Genova – Oggi il popolo dem è chiamato a scegliere il segretario nazionale del partito, in una sfida che vede il confronto tra l’ex premier Matteo Renzi, il Ministro della Giustizia Andrea Orlando e il Governatore della Puglia Michele Emiliano.

“Ci aspettavamo tra diecimila e quindicimila votanti, invece a mezzogiorno abbiamo superato diecimila e alle17 quindicimila. Ci aspettiamo di chiudere a quota ventimila” scandisce Alessandro Terrile, Segretario provinciale del PD genovese, e rilancia: “Il dato della partecipazione è certamente importante anche in vista delle amministrative”.

Un’affluenza record, confermata anche dal dato nazionale che alle 17 riporta un milione e mezzo di votanti. “Quando chiediamo ai cittadini elettori di partecipare alle nostre scelte – continua Terrile – la risposta è positiva e credo che questo sia un buon segnale non solo per il PD ma per la democrazia perché, quando le scelte sono condivise da molti, sono più legittimate”.

Sul pronostico non si sbilancia: “L’impressione è che Renzi possa andare ancora meglio di quanto è andato nei circoli, nel voto del 3 aprile scorso.
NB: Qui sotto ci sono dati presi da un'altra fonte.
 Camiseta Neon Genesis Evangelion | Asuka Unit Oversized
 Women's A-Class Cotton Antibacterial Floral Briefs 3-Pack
L’altra impressione è che il dato di Orlando possa essere, in Liguria e a Genova, più alto della media nazionale”.

Terrile non dimentica di ringraziare i volontari del PD, che in Liguria sono oltre tremila, perché: “ “Le nostre primarie vivono di quello. Senza i volontari non ci sarebbe questa grande prova di democrazia”.

Un pensiero arriva anche a Matteo Salvini che, proprio oggi e qui a Genova, ha definito “Sindaco della Lega” il candidato Marco Bucci: “Ci avevano spiegato che Bucci era un manager indipendente e invece oggi scopriamo che è il candidato sindaco della Lega” precisa Terrile e poi non perde l’occasione per criticare Edoardo Rixi: “Gli attacchi che ha tributato in questi giorni a Danilo Oliva, presidente del Cap, sono una vergogna. In questi anni tutte le forze politiche hanno avuto il loro spazio alla sala Cap. Quello spazio è davvero un luogo di confronto democratico e credo che, oggi, questi attacchi siano inaccettabili tanto più perché provengono da chi ha anche la responsabilità di rappresentarci tutti, perché Rixi non è solo il segretario della Lega ma è anche Assessore allo sviluppo economico della Regione”.